F = Field P = Programmable G = Gate <---- important A = Array

You aren't "programming", you're "wiring gates together". In other words, you can build custom hardware to solve a problem without using a generic CPU (or GPU) to do it. FPGAs are implemented as a fabric of LUTs (Look-up Tables) which take 4- or 6- (or more) inputs and produce an output. That allows Boolean algebra functions to be processed. The tools you use (Vivado / ISE / YoSys / etc.) take a your intended design, written in a HDL (Hardware Design Language) such as Verilog or VHDL, and turn it into a configuration file which is injected into the FPGA, causing it to be configured to into the hardware you want (if you've done it right). FPGAs are a stepping stone between generic hardware such as a CPU or GPU and a custom ASIC. They win when you can express the problem in specialized hardware much better than writing code to do something on a CPU/GPU. Parallelization is the key to many FPGA designs. Also, you don't have to spend >$1MM on a mask set to go have an ASIC fabricated by TSMC, etc.

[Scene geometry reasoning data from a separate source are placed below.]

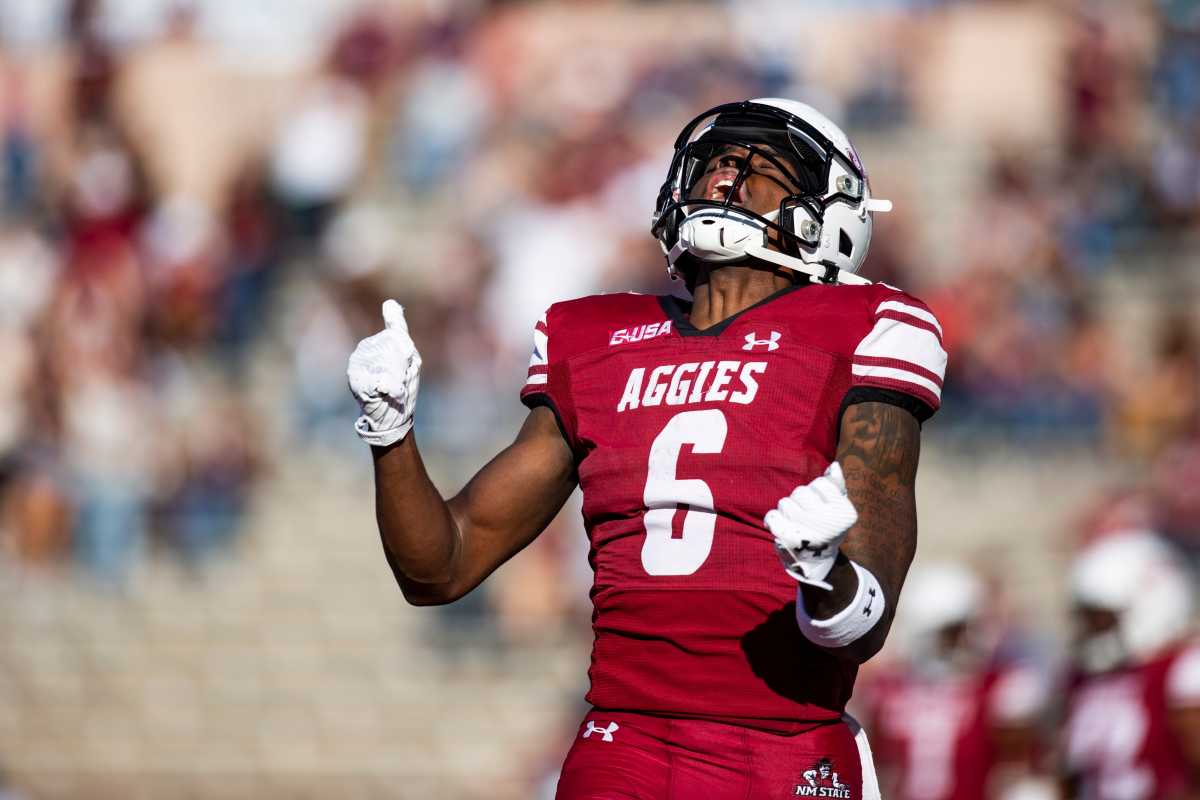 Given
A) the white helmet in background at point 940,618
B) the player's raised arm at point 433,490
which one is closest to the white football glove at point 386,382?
the player's raised arm at point 433,490

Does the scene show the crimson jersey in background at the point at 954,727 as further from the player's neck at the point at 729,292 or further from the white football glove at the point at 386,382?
the white football glove at the point at 386,382

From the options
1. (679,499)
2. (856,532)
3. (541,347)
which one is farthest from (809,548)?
(541,347)

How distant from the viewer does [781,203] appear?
379 centimetres

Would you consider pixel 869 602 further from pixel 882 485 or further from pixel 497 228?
pixel 497 228

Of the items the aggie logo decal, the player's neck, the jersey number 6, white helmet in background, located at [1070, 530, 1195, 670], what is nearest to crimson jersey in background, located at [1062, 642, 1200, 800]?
white helmet in background, located at [1070, 530, 1195, 670]

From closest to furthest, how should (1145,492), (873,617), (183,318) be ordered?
(873,617)
(1145,492)
(183,318)

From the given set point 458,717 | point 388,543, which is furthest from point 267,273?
point 388,543

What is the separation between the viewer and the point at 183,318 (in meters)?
12.3

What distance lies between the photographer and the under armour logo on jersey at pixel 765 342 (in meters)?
3.60

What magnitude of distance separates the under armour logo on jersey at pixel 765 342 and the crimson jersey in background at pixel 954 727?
4818 mm

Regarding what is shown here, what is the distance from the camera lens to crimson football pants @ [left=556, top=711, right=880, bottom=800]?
335 centimetres

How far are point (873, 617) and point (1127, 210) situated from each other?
9.48 meters

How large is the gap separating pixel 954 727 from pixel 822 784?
16.1ft

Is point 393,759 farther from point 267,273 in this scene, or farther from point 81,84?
point 81,84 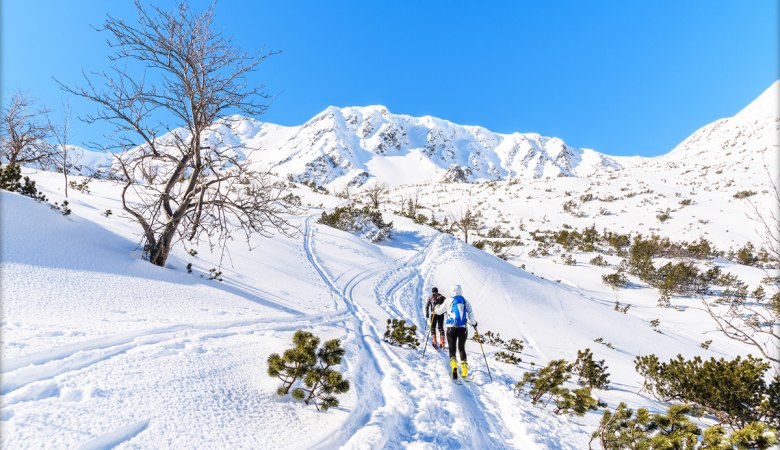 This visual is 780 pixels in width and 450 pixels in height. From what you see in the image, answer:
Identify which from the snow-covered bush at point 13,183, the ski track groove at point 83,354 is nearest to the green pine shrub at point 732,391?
the ski track groove at point 83,354

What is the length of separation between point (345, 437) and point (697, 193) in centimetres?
4828

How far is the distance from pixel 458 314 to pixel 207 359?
4.58 metres

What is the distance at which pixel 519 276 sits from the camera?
18.1m

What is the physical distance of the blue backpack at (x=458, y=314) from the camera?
6.75 meters

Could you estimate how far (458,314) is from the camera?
680 centimetres

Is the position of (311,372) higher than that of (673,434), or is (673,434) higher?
(673,434)

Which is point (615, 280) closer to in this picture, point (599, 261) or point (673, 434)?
point (599, 261)

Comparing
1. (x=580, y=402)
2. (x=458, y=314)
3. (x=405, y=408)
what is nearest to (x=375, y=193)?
(x=458, y=314)

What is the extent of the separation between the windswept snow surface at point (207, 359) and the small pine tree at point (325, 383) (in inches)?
6.6

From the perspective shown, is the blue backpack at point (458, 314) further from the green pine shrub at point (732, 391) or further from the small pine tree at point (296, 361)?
the green pine shrub at point (732, 391)

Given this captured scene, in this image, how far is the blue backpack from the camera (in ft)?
22.2

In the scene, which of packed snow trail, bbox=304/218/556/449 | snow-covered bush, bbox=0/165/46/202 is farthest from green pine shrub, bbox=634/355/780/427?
snow-covered bush, bbox=0/165/46/202

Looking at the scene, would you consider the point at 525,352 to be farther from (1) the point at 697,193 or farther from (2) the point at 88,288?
(1) the point at 697,193

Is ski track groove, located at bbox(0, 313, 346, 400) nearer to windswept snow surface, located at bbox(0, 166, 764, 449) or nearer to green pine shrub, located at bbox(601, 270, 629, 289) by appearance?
windswept snow surface, located at bbox(0, 166, 764, 449) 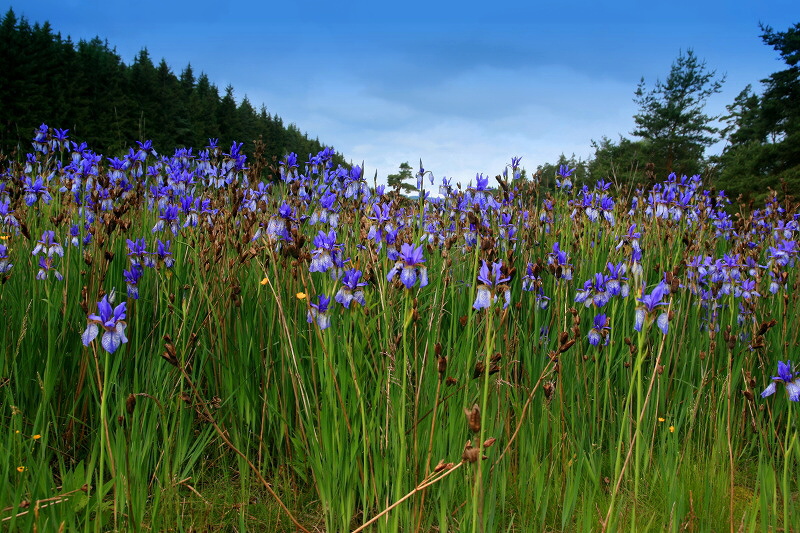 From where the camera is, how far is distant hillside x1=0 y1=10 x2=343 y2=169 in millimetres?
34250

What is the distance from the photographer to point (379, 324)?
115 inches

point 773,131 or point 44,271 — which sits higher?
point 773,131

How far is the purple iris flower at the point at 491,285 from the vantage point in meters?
1.75

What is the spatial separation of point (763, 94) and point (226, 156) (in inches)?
1345

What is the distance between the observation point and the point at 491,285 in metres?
1.79

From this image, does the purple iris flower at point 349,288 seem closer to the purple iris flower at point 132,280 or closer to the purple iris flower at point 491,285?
the purple iris flower at point 491,285

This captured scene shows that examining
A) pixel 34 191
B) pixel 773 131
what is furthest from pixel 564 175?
pixel 773 131

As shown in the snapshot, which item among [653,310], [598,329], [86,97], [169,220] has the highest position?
[86,97]

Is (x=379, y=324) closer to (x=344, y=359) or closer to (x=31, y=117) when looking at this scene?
(x=344, y=359)

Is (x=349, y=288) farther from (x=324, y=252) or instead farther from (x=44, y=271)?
(x=44, y=271)

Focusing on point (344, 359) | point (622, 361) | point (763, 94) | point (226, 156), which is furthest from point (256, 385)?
point (763, 94)

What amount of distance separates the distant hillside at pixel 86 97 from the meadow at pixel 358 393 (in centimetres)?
2551

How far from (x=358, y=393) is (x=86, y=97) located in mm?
45040

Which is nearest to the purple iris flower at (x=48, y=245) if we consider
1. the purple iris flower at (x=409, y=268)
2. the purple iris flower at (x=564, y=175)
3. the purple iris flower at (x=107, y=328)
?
the purple iris flower at (x=107, y=328) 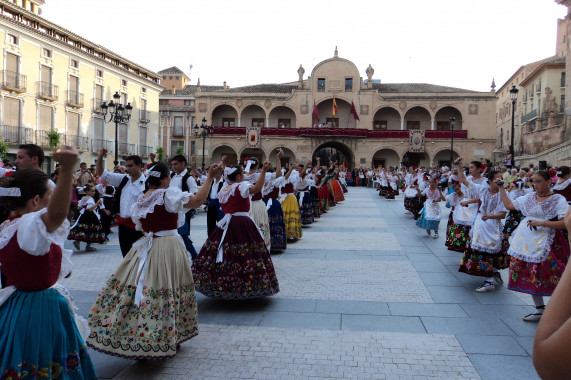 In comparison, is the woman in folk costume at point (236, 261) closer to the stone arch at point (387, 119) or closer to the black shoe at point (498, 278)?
the black shoe at point (498, 278)

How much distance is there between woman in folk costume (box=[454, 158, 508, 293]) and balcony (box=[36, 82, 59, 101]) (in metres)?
26.8

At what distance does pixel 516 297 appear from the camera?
19.9 ft

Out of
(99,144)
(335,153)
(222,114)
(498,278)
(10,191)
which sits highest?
(222,114)

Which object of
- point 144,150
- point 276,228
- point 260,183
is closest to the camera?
point 260,183

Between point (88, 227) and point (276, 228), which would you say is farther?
point (88, 227)

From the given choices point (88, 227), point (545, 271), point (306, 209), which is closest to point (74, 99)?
point (306, 209)

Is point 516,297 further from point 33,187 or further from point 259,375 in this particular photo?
point 33,187

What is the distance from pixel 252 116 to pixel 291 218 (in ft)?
119

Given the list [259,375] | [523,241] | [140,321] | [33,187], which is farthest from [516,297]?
[33,187]

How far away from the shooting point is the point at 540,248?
16.8 feet

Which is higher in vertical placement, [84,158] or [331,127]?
[331,127]

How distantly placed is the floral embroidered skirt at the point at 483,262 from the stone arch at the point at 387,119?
39.8 metres

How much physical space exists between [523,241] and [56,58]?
2988cm

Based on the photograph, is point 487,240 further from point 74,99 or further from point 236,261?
point 74,99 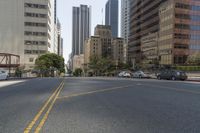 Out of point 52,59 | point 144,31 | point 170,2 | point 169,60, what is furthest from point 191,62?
point 144,31

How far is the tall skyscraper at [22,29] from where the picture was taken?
9700 centimetres

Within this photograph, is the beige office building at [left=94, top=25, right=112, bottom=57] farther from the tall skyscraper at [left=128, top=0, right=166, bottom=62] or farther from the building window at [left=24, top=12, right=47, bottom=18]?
the building window at [left=24, top=12, right=47, bottom=18]

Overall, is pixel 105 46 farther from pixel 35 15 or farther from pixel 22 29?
pixel 22 29

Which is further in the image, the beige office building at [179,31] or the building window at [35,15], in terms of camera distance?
the building window at [35,15]

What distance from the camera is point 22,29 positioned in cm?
9756

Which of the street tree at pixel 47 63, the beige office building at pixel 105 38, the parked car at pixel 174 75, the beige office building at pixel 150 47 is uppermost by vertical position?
the beige office building at pixel 105 38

Ah, I wasn't aware AMD had a line of FPGAs.

Given the density of the PDF, I saw AMD and AI in the title and assumed the scientific community was trying to get AMD GPUs to work. This makes more sense.


> line of FPGAs

Via Xilinx $49B acquisition, https://www.crn.com/news/components-peripherals/amd-complete...


They are useful for AI, but it's a completely different beast than a GPU.